Kaybettik, hemen suçlu
arandı. Tabi, Avrupa Bakanı Egemen Bağış açıklamadan günler önce yaptığı
açıklamayla, “Olimpiyatları alamazsak
sebebi gezi parkı eylemleridir” diyerek, suçluyu baştan
tespit etmişlerdi. Spordan sorumlu Devlet Bakanı Suat Kılıç hıncını, kinini ‘kına stoku’ tanımını
kullanarak çıkarttı terbiye sınırlarını aşarak. Ders almıyorlar, insanı
tanımıyorlar. Kendilerinden başkası mı, geç git anlayışındalar.

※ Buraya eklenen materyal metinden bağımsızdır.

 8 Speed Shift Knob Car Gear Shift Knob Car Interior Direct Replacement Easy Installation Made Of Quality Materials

2007 yılı T.B.M.M ödülleri
dağıtım töreninde gerçekleşen bir olay şöyledir. Ödül verilenlerin içinde
Türkiye’ye birçok madalya kazandıran eski güreşçi Gazanfer Bilge de vardır. 62
yıl önce (bugün itibariyle 68 yıl) şampiyonluğu üzerine dönemin
Meclis Başkanı Kazım Karabekir tarafından kendisine gönderilen kutlama
fermanını Bülent Arınç ve Tayyip Erdoğan’a sunan Gazanfer Bilge’ye, Erdoğan “Gazanfer ağabey, bunlar biz de kalıyor
değil mi?” diye
sorunca, Bilge; “Kalsın,
malsın, öğrenin” der. Esprili bu cevaba gülüşmeler olmuş.
Öylece kapanmış. Şimdi niye açtık bu konuyu? Şimdi gülme sırası bizde de ondan.

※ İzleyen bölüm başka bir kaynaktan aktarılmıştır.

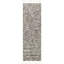 Camille Hand Knotted Wool Geometric Area Rug in Gray-1354595883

‘kalsın, öğrenin’ mesajından hiçbir şey öğrenememişler. Şimdi, gezi parkı
eylemcileriymiş, gülenler kına yaksınmış.. Zekâları bu kadar. Nerede hata
yaptık, nereyi boş bıraktık diye düşüneceklerine ve hataları telafiye
çalışacaklarına, suçu başkalarına yükle gitsin. Kendileri sütten çıkmış ak
kaşık.
“Ben sporcunun zeki çevik ve aynı zamanda ahlaklısını severim”
vecizesi acaba sadece spor yapanları mı kapsıyor, spor yönetimi bu vecizenin
kapsama alanı dışında mı kalıyor?
Başarılı olmuş
sporcularımızın tamamında tespit edilen dopinglere ne demeli? Dopingin
neresinde ahlak vardır? Başarıya susamışlar, ne yaparlarsa mubahtır anlayışı.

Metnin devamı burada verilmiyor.